One needs to handle these things with intelligence. It was compassion that suggested government housing projects in the 60s and 70s that have directly caused more poverty and suffering and hopelessness for millions of people than they would otherwise have born.
God save us all from a “compassionate” government.
I need a place to cook the rice and beans – beans have to be soaked for 24 hours before you can do anything with them, and both require at least a stove and a source of clean water. Twinkies, I can eat straight from the box.
So if I don’t have clean water or a stove, I can feed a lot more people with Twinkies than with rice and beans.
As for fruits and vegetables: A pound of apples (three apples) contains 240 calories, about 15% of your potassium requirement, 24% of your Vitamin C requirement, 66g of carbs, and 60% of your daily dietary fiber. One Twinkie has 150 calories and 5 grams of fat and really not much else. A pound of apples sells for between $1 and $3. A ten-pack of Twinkies sells for $3.29. In other words, your apples deliver between 80 and 240 calories per dollar; Twinkies, on the other hand, deliver about 500 calories per dollar. If you’re trying to fend off starvation, calories is your major concern, and so the 500 calorie per dollar option is your better choice.
Apples offer a relatively good calorie/dollar ratio and they keep better than most produce, too. For a real stinker, look at lettuce, which gives almost no nutrition, is relatively expensive, and doesn’t keep well at all. Clearly there is no excuse for a poor person to be buying lettuce. Dollar for dollar I suspect lobster yields better overall nutrition than lettuce.
Can we have one conversation on this board that doesn’t turn into a whinefest about the eeeeeeeevil conservatives? This is why no problems are getting solved: too busy blaming the other side.
Clinton’s the one that made sweeping welfare changes, ya know. Last here here in WV, it was a Democrat-controlled Legislature backed by a Democrat Governor that made such drastic cuts to the welfare program. Whether the libs or conservatives are in office, I doubt the welfare system has EVER worked in inner city DC.
The poor generally don’t vote, and if they do vote, it’s definitely not for conservatives. Why the hell would a conservative want to KEEP someone poor?

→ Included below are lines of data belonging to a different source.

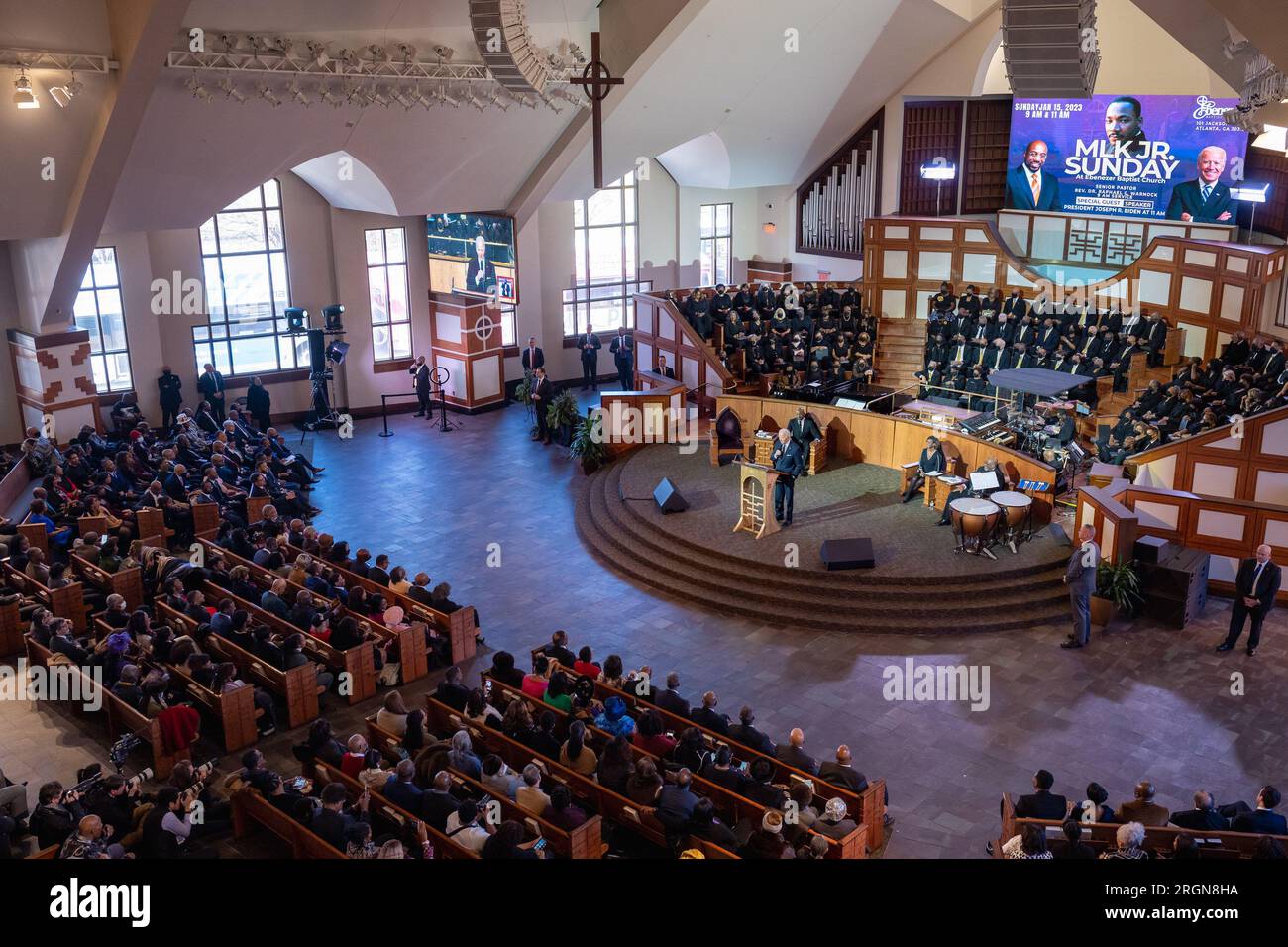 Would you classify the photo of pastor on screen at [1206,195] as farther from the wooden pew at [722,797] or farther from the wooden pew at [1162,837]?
the wooden pew at [722,797]

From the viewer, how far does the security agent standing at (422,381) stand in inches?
832

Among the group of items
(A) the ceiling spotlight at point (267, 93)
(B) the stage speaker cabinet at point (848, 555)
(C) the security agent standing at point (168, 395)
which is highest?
(A) the ceiling spotlight at point (267, 93)

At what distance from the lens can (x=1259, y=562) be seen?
1130 cm

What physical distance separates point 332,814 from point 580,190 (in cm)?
1578

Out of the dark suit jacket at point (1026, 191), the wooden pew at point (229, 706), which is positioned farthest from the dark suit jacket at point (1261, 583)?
the dark suit jacket at point (1026, 191)

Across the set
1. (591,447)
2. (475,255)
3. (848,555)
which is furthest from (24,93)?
(848,555)

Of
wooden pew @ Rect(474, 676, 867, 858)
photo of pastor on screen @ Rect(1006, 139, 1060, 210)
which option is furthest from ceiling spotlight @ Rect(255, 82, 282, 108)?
photo of pastor on screen @ Rect(1006, 139, 1060, 210)

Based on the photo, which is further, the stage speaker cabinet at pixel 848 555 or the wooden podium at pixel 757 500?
the wooden podium at pixel 757 500

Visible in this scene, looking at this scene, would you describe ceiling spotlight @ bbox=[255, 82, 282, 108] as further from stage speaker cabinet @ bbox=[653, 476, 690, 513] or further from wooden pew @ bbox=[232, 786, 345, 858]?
wooden pew @ bbox=[232, 786, 345, 858]

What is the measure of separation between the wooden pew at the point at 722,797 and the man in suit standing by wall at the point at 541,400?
1024cm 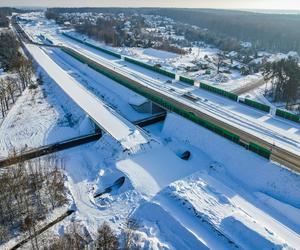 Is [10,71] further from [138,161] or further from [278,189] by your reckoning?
[278,189]

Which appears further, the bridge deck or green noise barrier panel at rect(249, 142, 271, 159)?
the bridge deck

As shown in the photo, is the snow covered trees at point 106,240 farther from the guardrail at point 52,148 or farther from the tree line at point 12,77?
the tree line at point 12,77

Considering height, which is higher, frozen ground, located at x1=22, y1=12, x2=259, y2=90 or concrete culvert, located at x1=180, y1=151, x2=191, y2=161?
frozen ground, located at x1=22, y1=12, x2=259, y2=90

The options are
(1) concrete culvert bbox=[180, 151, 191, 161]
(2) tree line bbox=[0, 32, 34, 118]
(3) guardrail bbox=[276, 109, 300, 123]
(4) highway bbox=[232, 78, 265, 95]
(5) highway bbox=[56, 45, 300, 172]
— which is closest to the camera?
(5) highway bbox=[56, 45, 300, 172]

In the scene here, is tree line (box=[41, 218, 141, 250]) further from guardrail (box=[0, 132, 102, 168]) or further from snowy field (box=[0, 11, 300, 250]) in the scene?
guardrail (box=[0, 132, 102, 168])

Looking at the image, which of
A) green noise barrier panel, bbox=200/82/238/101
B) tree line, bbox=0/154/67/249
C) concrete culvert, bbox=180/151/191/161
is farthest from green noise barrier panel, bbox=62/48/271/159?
tree line, bbox=0/154/67/249

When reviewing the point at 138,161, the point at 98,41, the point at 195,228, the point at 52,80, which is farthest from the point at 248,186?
the point at 98,41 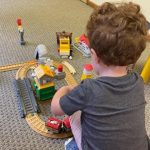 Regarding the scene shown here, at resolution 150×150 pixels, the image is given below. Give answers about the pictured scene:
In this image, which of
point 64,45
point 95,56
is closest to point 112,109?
point 95,56

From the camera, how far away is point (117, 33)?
2.06 feet

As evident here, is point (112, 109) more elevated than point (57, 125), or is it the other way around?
point (112, 109)

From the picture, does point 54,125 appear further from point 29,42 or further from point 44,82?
point 29,42

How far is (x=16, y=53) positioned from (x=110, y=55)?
3.34 feet

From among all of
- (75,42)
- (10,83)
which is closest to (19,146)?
(10,83)

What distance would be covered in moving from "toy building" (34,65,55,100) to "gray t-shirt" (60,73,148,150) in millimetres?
455

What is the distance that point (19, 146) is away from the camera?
98 cm

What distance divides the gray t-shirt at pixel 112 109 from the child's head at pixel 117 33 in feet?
0.20

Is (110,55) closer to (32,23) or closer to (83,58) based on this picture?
(83,58)

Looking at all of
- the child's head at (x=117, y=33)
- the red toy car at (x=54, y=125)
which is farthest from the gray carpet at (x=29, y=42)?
the child's head at (x=117, y=33)

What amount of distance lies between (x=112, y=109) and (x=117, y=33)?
201mm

If they’re poor, they’re not out there stimulating the economy, starting businesses and providing jobs like rich people do.

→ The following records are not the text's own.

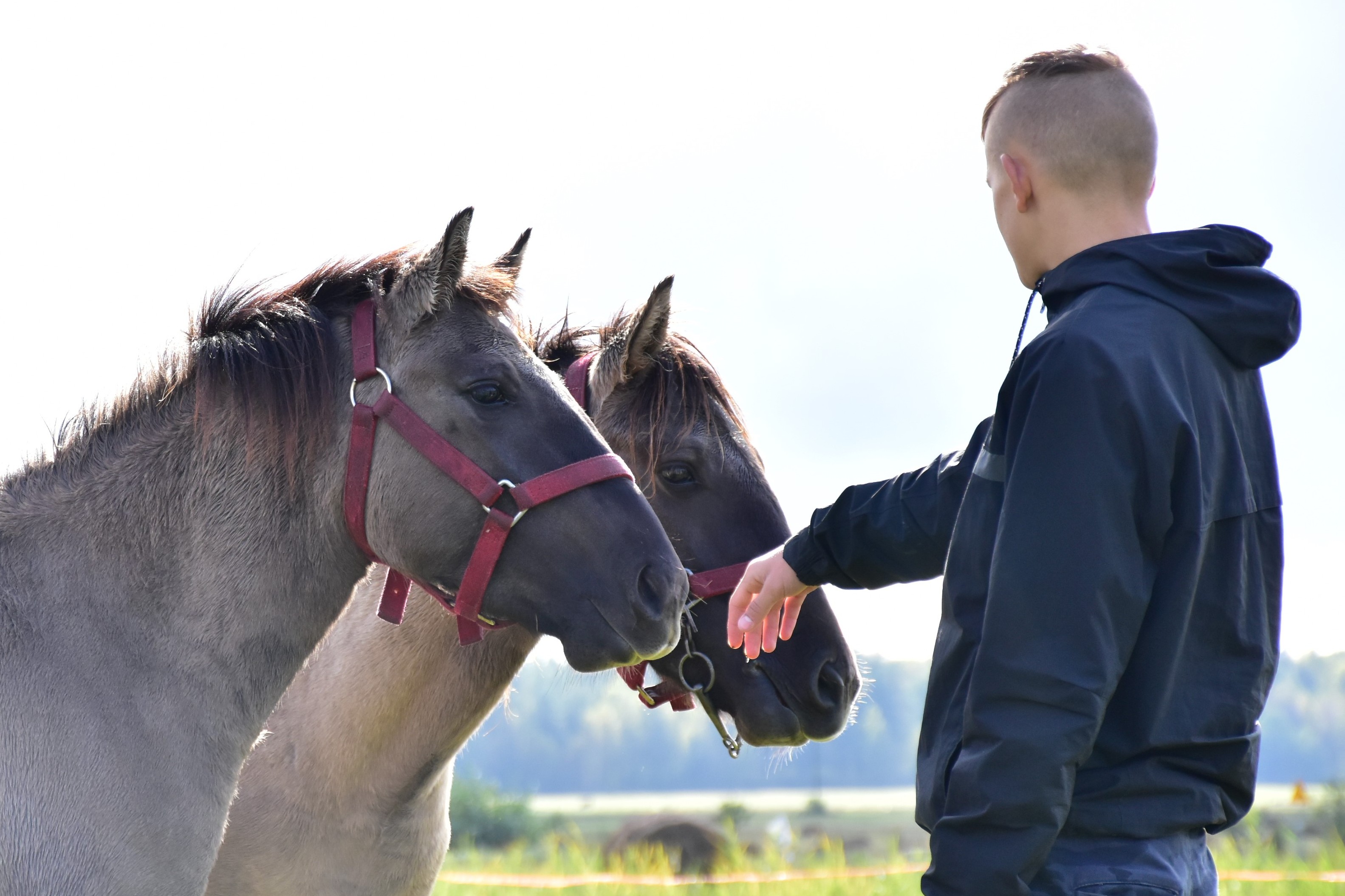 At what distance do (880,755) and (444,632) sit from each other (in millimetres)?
109643

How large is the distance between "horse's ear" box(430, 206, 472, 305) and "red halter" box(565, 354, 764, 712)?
122 centimetres

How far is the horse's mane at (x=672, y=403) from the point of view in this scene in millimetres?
3764

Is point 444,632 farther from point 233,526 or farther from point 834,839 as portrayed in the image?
point 834,839

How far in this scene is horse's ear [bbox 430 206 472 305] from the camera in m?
2.67

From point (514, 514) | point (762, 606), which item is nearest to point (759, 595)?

It doesn’t make sense for liberals to want to keep people poor, either. If they’re poor, they can’t be taxed to fund all of those liberal pet projects.
I don’t either side wants to KEEP poor people poor. Nobody normal wants to see people who depend on the government to live, can’t take care of themselves, live below the povery line, go without basic necessities, etc. Only the most sadistic of assholes grin whenever they see a family that can’t afford to feed their kids.
I think both sides are full of people who don’t THINK, at all, when they go to make these stupid welfare reforms and decide what the rules should be. They don’t think, because most of them have never been poor. If you want to know how to make the welfare system do what it’s supposed to do, you don’t ask someone who drives a Jaguar and earns well over 150k a year. You ask the people that are on it, their caseworkers, etc. They’re the ones who see the program’s flaws and strengths, not some suit in Washington that probably doesn’t personally know even one person that lives below the poverty line.
The problem is that neither side particularly CARES about the poor, because, again, the poor usually don’t show up on election day, and they have no political power. If politicans knew that, oh, 70% of welfare recipients were going to show up at the polls in 2006, we’d see drastic changes in the system. As it is, I doubt 10% show up for any given election.
If liberals truly cared about the poor, they’d design a welfare system that WORKED instead of keeping people dependent for life. If conservatives truly cared about the poor, they’d cooperate.